By default, LucidWorks Search will crawl as much content as it can (within limits set on the data source), parse the documents to extract fields, and finally index the documents in one seamless step. However, there may be times when you would like to do some processing on the documents before indexing them, perhaps to add metadata or to modify data in specific fields. In that case, it is possible to only crawl the content and save it in a batch for later parsing and/or indexing. This is called Batch Processing and allows you to separate the fetching data from the process of parsing the rich formats (such as PDFs, Microsoft Office documents, and so on), as well as the process of indexing the parsed content in Solr.
Batches consist of the following two parts:
- a container with raw documents, and the protocol-level metadata per document
- a container with parsed documents, ready to be indexed.
The exact format of this storage is specific to a crawler controller implementation. Currently a simple file-based store is used, with a binary format for the raw content part and a JSON format for the parsed documents. The first container is created during the fetching phase, and the second container is created during the parsing phase.

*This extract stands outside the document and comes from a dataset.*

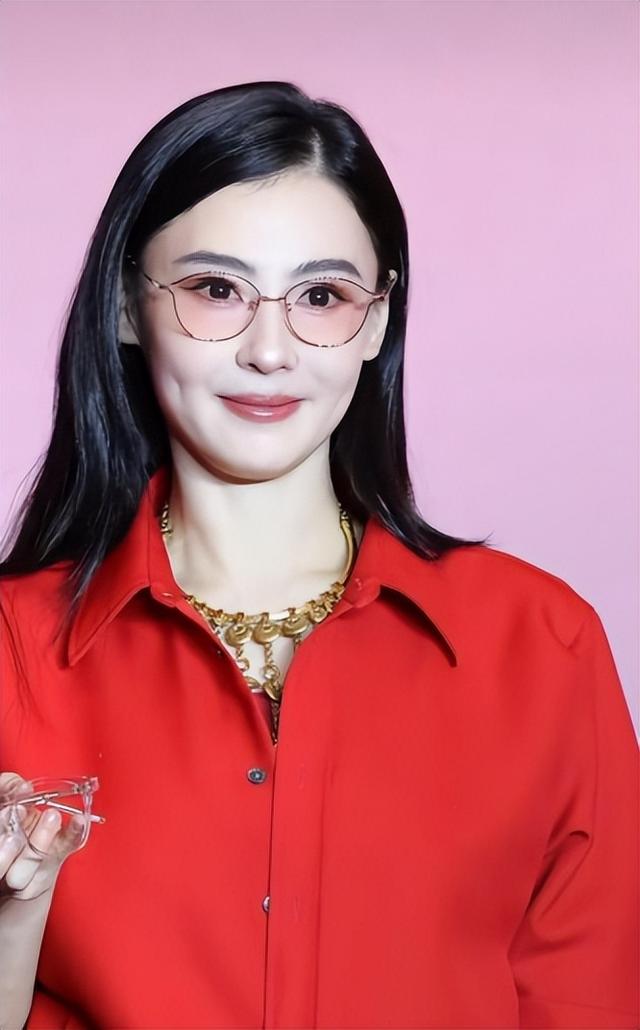 谢霆锋也没想到，张柏芝会因阅兵当天的一特殊举动，实现口碑暴增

A new round of fetching creates a new batch if one or more of the parameters described above requires it.
It's not possible to configure Batch Crawling with the LucidWorks Search Admin UI. To work with batches and batch jobs, use the Batch Operations API. The basic workflow is as follows:
- Create a data source using the Admin UI or Data Sources API. Don't start crawling yet.
- Configure the data source to be saved as a batch by setting the indexing parameter to false using the Data Sources API. You can also set the caching and indexing parameters as described below.

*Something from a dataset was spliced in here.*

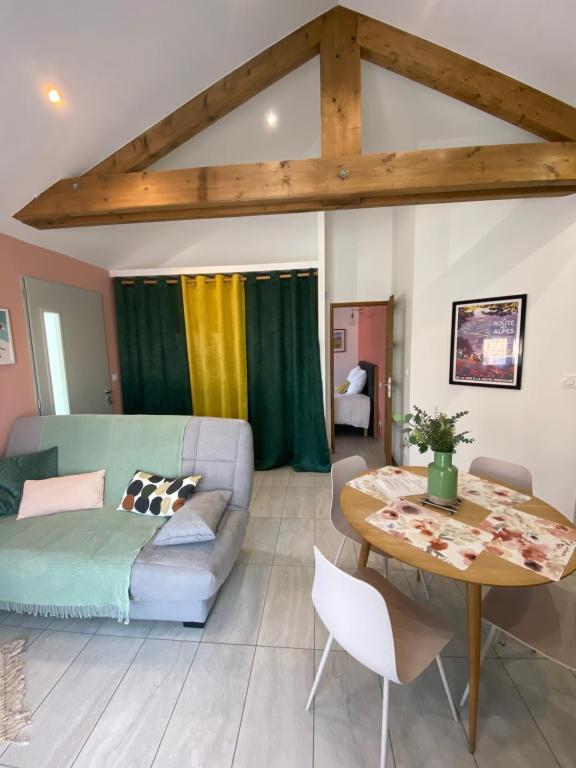Appartement 2 à 4 personnes, Une Pause au Vert - Appartement Met één Slaapkamer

- Start the crawl and let it finish.
- Get the batch_id for the data source using the Batch Operations API call: GET http://localhost:8888/api/collections/collection1/batches.

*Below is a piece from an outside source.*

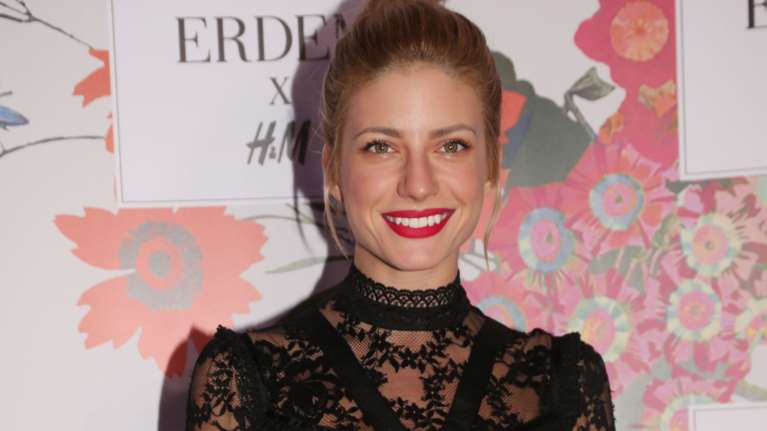 Ευαγγελία Αραβανή: Όλες οι λεπτομέρειες για τη γέννηση του γιου της - Η καισαρική, το βάρος του μωρού και το όνομα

- Using the Batch Operations API, start the batch job for your data source using the batch_id obtained in the previous step: PUT http://localhost:8888/api/collections/collection1/batches/crawler/job/batch_id.
To instruct LucidWorks Search not to parse or index the crawled documents, set the indexing parameter of a data source to false using the Data Sources API. You can also set the parsing and caching parameters to true or false, depending on your needs. Batch crawling attributes for data sources are as follows:
|parsing||boolean||true||If true, the raw content fetched from remote repositories is immediately parsed in order to extract the plain text and metadata. If false, the content is not parsed: it is stored in a new batch with its protocol-level metadata. New batches are created during each crawl run as needed.|
|caching||boolean||false||If true, the raw content is stored in a batch even if immediate parsing and/or indexing is requested. You can use this to preserve the intermediate data in case of crawling or indexing failure, or in cases where full re-indexing is needed and you would like to avoid fetching the raw content again.|
|indexing||boolean||true||If true, the parsed content is sent to Solr for indexing. If false, the parsed document is not indexed: it is stored in a batch (either a newly created one, or the one where the corresponding raw content was stored). Set this attribute to false to enable batch crawling.|
|When you configure a data source to process documents as a batch, information about crawl attempts will display in the Admin UI for that data source (even though you cannot configure the batch parameters via the UI). So, you can use the Data Sources API to enabled caching and/or disable indexing, and initiate the crawl through the Admin UI. The UI will show the number of documents found, updated, deleted, etc.|
Not all crawler controllers support all batch processing operations. For example, the Aperture crawler (lucid.aperture) does not support raw content storage: it behaves as if the "parsing" parameter is always true and caching is always false.
You can also use the Batch Operations to get the status of or stop running batch jobs, delete batches and batch jobs, and so on.